Fibonacci retracement is a popular trading strategy among forex traders. Since the importance of technical analysis cannot be understated, traders choose to utilise indicators such as Fibonacci retracements to assist them in the prediction of future price changes and positions. It is these trends that enable traders to know when and on what asset they should invest in.
The term Fibonacci refers to the Italian mathematician who came up with a number series in which the next digit is obtained by adding the two previous ones. Retracement on the other hand is defined as the interim turn-around of an overarching currency price trend. Both terms combined refer to the horizontal stripes in the trading chart that show where support and resistance are expected to take place.
Support is a phenomenon that transpires when plummeting prices halt and begin to go up after changing direction. Meanwhile, resistance is defined as the price at which an asset’s price stops increasing and begins moving in a downward trajectory. Support is often seen as a base which is sustaining the prices as they go higher while resistance is viewed as plafond preventing prices from rising above it.
Fibonacci Sequence Properties that are used in Forex Trading
The Golden Ratio
The golden ratio is obtained by dividing a number by the one either preceding or succeeding it in the Fibonacci series. 1.618 is the value obtained by the former while 0.618 is its inverse that is gotten through the latter operation. The golden ratio is utilised as a key level in Fibonacci extensions while also forming the basis of various retracement levels.
Another retracement level can also be obtained by division of a number by the one two steps above it. The golden ratio together with the retracement and extension levels are used in trading to provide forecasts on the prices at which possible market turnarounds may occur.
Fibonacci retracement levels are used to determine the best possible market entry points as far as price trends are put into consideration. This means that the previous moves in the market are used as the basis for determining the possible market turnaround points. 23.6, 38.2, 61.8 and 78.6 are the most common examples of Fibonacci retracement levels
A significant increase in price will prompt traders to engage in bottom to top measurement to try and determine where price is likely to retrace to before resuming the upward trajectory. Likewise, a significant decrease in price will occasion traders to perform top to bottom measurement so as to find out where price is likely to retrace to before resuming the downward spiral.
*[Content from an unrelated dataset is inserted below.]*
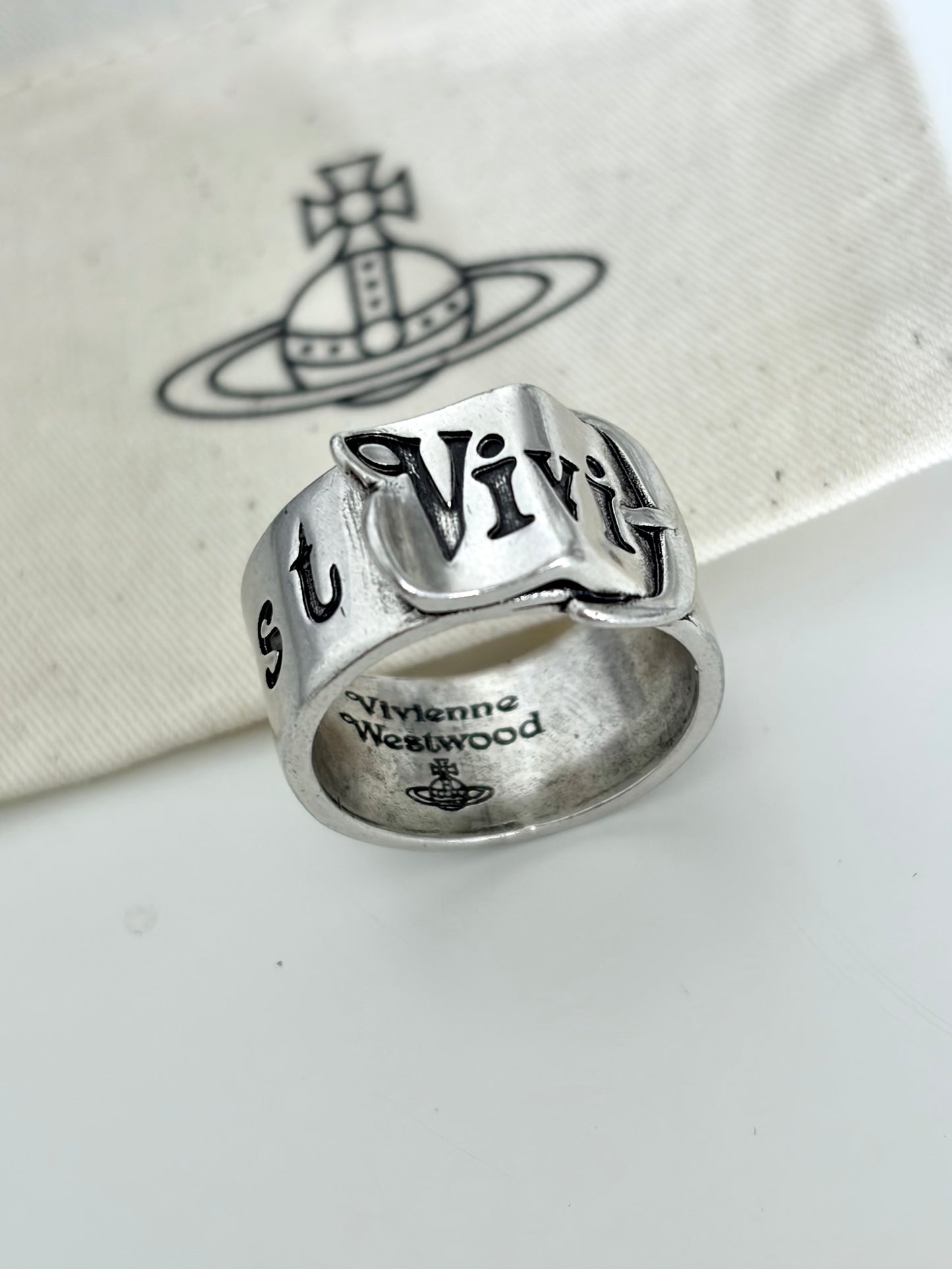 Vivienne Westwood Belt Logo Ring Silver Tone Wide Band Orb Punk US size 8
Fibonacci extension levels are utilised in finding out how far a price is likely to go after a retracement is completed. As opposed to retracement levels, extension levels are used in determining the end point of a particular market trend. Examples of extension levels include 100, 161.8 and 200.
When an increase in prices is the prevailing market trend, traders attempt to begin trading at the lowest point of the bounce before attempting to find out the most probable end point by measuring the previous retracement. Similarly, a trending decrease in price prompts traders to start trading at the lowest point of the correction as they measure the last retracement in an attempt to determine the possible endpoint of the trend. Advanced traders often use 161.8 to go into counter-trend trades.
Fibonacci Trading Strategies
The following are the various trading strategies that can utilise Fibonacci levels:
Fusing Moving Average Convergence Divergence with Fibonacci Retracement
MACD is an indicator that is used in order to find out and evaluate new bullish and bearish market trends. When an asset’s price matches a significant Fibonacci level, a position is likely to be opened within the bearing of the trend due to the crossing over of the MACD indicator.
Joining Fibonacci Levels to Stochastic Indicators
The stochastic indicator is a trading indicator that is used in forecasting trend reversals as well as in deducing situations where currencies have either been over-bought or over-sold. This strategy examines important stochastic signals when price comes in contact with a significant Fibonacci level.
Fibonacci levels are an important predictive technical analysis indicator. Mastering them is a vital step in achieving great success in the forex market.